- **Task prompt**
Among the lines of data below, reproduce only those from the one with "Casa en Venta en Ciudad Madero, USD 269.900" through the one with "Erkaklar ozlarining külotlariga singdirish", exactly as they stand, both ends included.

[Entries taken from a collection]
■ ■ ■ ■ ■ ■ ■
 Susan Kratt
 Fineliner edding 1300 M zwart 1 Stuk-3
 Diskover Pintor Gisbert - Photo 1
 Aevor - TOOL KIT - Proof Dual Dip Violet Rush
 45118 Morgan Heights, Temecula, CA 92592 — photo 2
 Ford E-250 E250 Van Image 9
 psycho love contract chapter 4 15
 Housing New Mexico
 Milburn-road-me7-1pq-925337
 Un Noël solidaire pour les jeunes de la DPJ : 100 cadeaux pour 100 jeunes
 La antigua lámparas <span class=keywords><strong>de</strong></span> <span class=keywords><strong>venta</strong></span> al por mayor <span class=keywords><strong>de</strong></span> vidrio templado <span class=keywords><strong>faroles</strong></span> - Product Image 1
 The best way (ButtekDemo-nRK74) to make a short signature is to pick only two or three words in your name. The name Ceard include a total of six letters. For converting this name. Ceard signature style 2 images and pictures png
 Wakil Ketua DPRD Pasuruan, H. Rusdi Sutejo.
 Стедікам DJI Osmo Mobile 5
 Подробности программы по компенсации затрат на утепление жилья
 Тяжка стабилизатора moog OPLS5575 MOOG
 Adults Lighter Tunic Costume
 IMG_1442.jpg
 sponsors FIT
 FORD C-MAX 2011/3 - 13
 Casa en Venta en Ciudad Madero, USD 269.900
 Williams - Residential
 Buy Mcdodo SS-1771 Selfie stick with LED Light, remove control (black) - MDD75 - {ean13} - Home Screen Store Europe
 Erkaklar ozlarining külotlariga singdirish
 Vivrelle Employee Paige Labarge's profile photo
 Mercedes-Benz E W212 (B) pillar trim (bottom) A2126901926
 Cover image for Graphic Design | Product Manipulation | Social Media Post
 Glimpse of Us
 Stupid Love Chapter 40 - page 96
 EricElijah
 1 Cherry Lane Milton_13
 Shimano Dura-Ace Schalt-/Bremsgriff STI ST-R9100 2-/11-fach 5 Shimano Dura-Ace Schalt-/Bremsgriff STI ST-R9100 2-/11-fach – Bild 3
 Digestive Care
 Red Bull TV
■ ■ ■ ■ ■ ■ ■
- **Output of the exercise**
 Casa en Venta en Ciudad Madero, USD 269.900
 Williams - Residential
 Buy Mcdodo SS-1771 Selfie stick with LED Light, remove control (black) - MDD75 - {ean13} - Home Screen Store Europe
 Erkaklar ozlarining külotlariga singdirish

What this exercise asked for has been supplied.